Dans les deux cas, la Cour de cassation a censuré les cours d’appel au motif qu’elles auraient dû rechercher (1) si les emprunteurs étaient avertis ou non, et, dans l’affirmative, conformément au devoir de mise en garde auquel elle était tenue lors de la conclusion du contrat, (2) si la banque justifiait avoir satisfait à cette obligation à raison des capacités financières de l’emprunteur et des risques de l’endettement né de l’octroi des prêts.

Ces arrêts apportent plusieurs enseignements :

  • l’obligation de conseil et d’information semble être écartée au profit de l’obligation de mise en garde ;
  • l’établissement de crédit supporte la charge de la preuve de l’exécution de son devoir de mise en garde, principe qui a été également appliqué dans l’arrêt "Epx Devaud / SA Banque calédonienne d’investissement" (Cass. Com. 11/12/2007) ;
  • la qualité d’averti ou non est appréciée en la seule personne de l’emprunteur, sans que la qualité d’un tiers soit prise en compte (en l’espèce, un conjoint co-emprunteur).

Toujours en matière de prêt professionnel, l’arrêt "Caméfigestion / SCP Margottin-Bach ès qualité" du 11 décembre 2007 est également intéressant. La haute Cour approuve la Cour d’appel de Montpellier en ce qu’elle a constaté, au vu du CV des emprunteurs qu’ils étaient non avertis, mais surtout en ce qu’elle a déterminé que la banque n’avait pas satisfait à son obligation de mise en garde, après avoir analysé les documents comptables présentés à la banque et la situation financière des emprunteurs au moment de la conclusion du prêt.

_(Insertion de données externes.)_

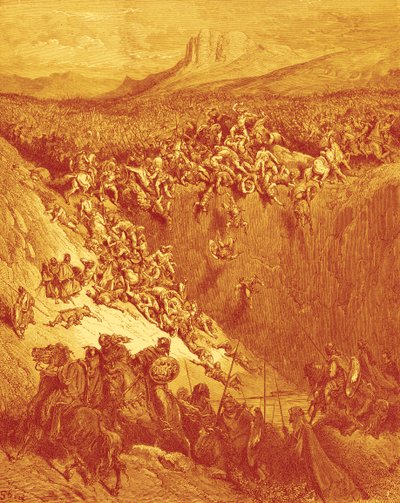 Samson dræber filister med æselkæbe, af Doré - Bibelen af Gustave Dore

Un arrêt du 8 janvier 2008 mérite d’être signalé en ce qu’il a logiquement approuvé une cour d’appel ayant mis en évidence le caractère averti de l’emprunteur qui avait contracté un prêt professionnel, se présentant comme "un ancien comptable, dont l’expérience lui serait d’une grande utilité", étant capable d’analyser un bilan et ayant parfaitement conscience du caractère singulier d’une brusque augmentation du chiffre d’affaires, dont ses qualifications lui permettaient de discerner les causes et mesurer le risque.

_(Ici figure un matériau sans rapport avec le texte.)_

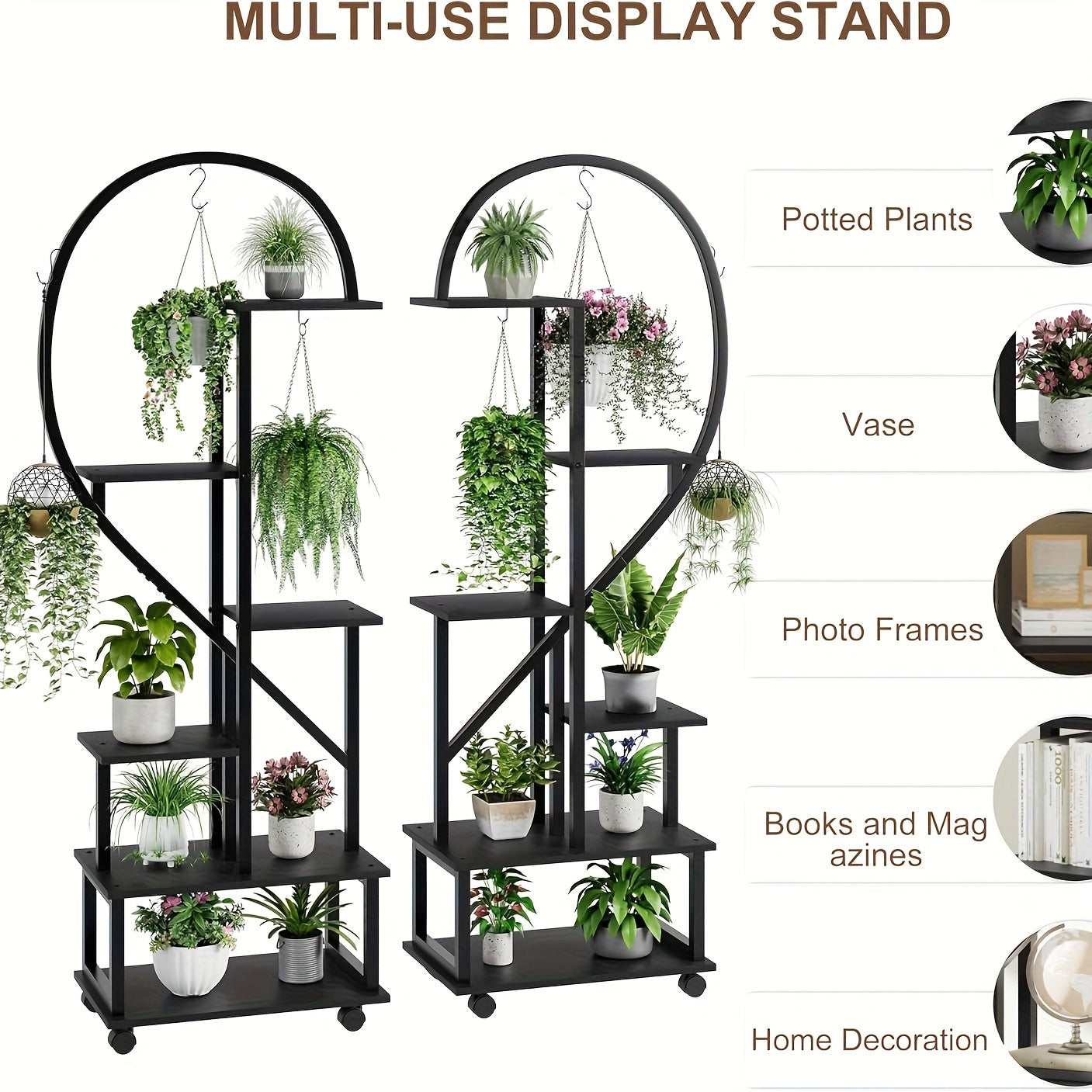 Plantenwagen – Plantenrek – Bloementrolley – Plantentrolley – Plantenkast – Zwart Metalen Frame – 6 Lagen – Mobiel met Wieltjes – 110x28x172 cm – Geschikt Binnen en Buitengebruik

Enfin, nous ne résistons pas au plaisir de citer un arrêt du 28 mars 2008 rendu par la 1re Chambre Civile en matière de prêt non professionnel.

Les juges du fond avaient retenu l’absence de faute de la banque dans la mesure où l’emprunteur, qui avait une profession de voyant, ne pouvait pas ne pas connaître, sans même avoir à utiliser les dons liés à l’exercice normal de sa profession, quelle était sa situation financière et patrimoniale réelle, et était donc censé s’engager en parfaite connaissance de cause et de bonne foi dans les emprunts qu’il avait dûment sollicités.

La Cour de cassation censure la cour d’appel au motif désormais classique qu’elle aurait dû vérifier que la banque avait bien recherché si l’emprunteur était averti ou non et, dans l’affirmative, si la banque avait satisfait à son obligation de mise en garde.

Il n’est pas nécessaire d’être soi-même chiromancien pour prévoir que d’autres arrêts devraient encore étoffer ce courant jurisprudentiel, dont on peut se demander s’il ne va pas emporter dans ses eaux d’autres banquiers, au titre d’autres opérations bancaires.